Exercise: Your answer must hold only the lines below from the line containing "184膜龈美学手术精要_201-220.pdf_第2页" through the line containing "6-40 Ceruminous glands—inappropriate", each reproduced exactly.

Data shown:
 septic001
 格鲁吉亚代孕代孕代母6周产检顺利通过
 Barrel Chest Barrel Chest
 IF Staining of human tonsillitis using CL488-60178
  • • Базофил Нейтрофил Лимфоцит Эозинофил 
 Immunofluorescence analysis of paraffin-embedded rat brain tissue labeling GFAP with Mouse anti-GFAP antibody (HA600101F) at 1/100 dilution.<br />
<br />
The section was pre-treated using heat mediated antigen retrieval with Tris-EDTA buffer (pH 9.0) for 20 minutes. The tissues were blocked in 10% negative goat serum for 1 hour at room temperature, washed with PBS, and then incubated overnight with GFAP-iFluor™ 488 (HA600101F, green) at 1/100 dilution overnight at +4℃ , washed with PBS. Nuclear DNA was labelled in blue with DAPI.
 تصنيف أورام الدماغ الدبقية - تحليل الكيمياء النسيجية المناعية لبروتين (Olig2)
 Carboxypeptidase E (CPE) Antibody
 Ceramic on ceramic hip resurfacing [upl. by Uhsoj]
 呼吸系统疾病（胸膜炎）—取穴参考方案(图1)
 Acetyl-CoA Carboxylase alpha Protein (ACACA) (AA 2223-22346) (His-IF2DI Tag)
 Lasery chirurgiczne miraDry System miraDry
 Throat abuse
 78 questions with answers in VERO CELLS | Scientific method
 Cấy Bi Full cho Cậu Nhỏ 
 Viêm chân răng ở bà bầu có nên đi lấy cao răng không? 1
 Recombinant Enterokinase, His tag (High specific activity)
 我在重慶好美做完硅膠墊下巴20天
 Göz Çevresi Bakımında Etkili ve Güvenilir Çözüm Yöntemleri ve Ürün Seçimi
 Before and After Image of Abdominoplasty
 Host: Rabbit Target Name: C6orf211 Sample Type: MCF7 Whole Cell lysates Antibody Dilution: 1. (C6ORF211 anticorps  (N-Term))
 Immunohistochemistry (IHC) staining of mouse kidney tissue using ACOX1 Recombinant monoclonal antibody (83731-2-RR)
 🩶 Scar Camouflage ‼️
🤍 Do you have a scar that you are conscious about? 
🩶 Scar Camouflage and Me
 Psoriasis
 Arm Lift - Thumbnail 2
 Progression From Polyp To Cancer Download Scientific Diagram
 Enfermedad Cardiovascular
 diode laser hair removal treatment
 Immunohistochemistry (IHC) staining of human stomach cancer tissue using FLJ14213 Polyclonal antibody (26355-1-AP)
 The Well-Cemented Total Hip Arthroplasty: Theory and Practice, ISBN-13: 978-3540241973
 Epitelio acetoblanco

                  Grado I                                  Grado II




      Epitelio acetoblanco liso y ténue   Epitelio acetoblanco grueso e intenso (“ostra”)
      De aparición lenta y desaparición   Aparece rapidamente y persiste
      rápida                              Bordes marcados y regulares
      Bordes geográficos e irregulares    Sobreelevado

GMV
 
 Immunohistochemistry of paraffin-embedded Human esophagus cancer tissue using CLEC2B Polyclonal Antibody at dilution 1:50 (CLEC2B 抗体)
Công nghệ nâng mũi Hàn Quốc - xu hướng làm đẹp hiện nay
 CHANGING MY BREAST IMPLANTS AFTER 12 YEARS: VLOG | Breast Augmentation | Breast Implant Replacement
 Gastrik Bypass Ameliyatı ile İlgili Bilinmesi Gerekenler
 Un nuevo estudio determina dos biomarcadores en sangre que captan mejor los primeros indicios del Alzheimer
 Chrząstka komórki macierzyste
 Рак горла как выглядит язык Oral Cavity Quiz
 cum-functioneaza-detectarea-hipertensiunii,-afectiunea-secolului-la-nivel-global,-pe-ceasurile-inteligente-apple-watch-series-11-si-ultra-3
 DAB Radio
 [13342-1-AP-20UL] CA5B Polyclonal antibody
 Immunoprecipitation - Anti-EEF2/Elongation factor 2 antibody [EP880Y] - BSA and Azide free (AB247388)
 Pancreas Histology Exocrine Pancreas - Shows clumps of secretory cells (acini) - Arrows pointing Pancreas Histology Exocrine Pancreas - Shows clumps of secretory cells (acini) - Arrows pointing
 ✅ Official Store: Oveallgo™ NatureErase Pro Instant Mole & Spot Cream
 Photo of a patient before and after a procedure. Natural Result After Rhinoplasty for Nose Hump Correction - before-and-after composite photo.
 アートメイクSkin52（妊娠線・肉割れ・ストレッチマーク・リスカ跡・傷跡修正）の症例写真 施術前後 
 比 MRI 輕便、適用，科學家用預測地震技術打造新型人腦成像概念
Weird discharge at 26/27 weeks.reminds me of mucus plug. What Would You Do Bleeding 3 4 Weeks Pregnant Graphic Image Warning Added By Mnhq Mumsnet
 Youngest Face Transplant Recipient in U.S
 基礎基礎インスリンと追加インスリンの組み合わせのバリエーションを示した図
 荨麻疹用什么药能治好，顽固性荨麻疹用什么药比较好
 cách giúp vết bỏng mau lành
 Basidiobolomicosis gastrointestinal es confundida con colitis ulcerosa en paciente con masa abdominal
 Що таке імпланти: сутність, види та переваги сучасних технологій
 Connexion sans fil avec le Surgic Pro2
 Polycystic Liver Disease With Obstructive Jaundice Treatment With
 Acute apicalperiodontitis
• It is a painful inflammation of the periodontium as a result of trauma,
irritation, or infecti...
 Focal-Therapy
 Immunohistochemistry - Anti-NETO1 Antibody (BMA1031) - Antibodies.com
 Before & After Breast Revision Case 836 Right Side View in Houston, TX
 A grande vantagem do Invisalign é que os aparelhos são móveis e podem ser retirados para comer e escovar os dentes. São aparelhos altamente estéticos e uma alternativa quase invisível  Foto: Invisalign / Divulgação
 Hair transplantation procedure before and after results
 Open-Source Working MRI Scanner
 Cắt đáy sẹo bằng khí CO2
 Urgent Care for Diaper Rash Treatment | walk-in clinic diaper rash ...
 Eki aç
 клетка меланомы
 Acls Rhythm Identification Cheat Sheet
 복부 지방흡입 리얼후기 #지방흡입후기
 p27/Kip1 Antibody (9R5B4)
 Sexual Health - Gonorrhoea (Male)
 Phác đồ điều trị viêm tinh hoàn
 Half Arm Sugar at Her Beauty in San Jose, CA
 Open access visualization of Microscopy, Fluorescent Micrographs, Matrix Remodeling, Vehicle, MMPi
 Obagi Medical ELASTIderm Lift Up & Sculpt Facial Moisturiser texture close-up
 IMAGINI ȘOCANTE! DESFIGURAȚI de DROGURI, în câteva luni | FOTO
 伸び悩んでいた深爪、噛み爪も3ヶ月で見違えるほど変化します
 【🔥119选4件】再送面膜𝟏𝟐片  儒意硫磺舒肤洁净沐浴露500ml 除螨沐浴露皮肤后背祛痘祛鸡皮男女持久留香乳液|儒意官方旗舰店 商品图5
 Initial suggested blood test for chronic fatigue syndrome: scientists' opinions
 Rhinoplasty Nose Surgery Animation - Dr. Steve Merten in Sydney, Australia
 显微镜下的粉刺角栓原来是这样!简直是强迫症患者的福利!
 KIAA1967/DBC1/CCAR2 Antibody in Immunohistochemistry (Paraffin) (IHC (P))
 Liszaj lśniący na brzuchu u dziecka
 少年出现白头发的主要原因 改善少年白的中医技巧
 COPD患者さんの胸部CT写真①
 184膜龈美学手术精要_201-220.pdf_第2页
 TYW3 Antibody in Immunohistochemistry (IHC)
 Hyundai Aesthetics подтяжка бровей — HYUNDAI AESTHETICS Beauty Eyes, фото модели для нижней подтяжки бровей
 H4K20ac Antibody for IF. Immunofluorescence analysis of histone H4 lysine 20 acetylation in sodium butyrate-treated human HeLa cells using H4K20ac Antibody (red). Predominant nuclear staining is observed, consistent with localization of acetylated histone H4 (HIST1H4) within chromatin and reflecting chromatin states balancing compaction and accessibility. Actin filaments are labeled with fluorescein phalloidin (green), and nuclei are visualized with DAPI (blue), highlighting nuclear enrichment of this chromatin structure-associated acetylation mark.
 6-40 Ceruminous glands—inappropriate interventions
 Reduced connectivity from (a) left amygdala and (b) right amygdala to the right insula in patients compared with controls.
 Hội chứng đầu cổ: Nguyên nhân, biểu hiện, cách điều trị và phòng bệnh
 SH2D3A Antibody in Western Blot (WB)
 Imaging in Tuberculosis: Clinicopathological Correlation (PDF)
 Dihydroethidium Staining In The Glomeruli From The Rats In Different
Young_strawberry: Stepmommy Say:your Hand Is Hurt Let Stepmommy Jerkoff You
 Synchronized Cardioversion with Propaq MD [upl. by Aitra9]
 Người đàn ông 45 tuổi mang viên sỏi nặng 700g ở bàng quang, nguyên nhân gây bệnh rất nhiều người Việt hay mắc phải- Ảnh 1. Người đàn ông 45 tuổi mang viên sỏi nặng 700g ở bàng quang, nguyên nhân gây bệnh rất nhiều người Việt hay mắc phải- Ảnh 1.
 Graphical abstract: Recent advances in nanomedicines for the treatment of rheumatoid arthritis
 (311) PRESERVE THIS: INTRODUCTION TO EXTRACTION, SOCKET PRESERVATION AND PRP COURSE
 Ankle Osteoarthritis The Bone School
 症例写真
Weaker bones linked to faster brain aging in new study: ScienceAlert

Exercise response:
 184膜龈美学手术精要_201-220.pdf_第2页
 TYW3 Antibody in Immunohistochemistry (IHC)
 Hyundai Aesthetics подтяжка бровей — HYUNDAI AESTHETICS Beauty Eyes, фото модели для нижней подтяжки бровей
 H4K20ac Antibody for IF. Immunofluorescence analysis of histone H4 lysine 20 acetylation in sodium butyrate-treated human HeLa cells using H4K20ac Antibody (red). Predominant nuclear staining is observed, consistent with localization of acetylated histone H4 (HIST1H4) within chromatin and reflecting chromatin states balancing compaction and accessibility. Actin filaments are labeled with fluorescein phalloidin (green), and nuclei are visualized with DAPI (blue), highlighting nuclear enrichment of this chromatin structure-associated acetylation mark.
 6-40 Ceruminous glands—inappropriate interventions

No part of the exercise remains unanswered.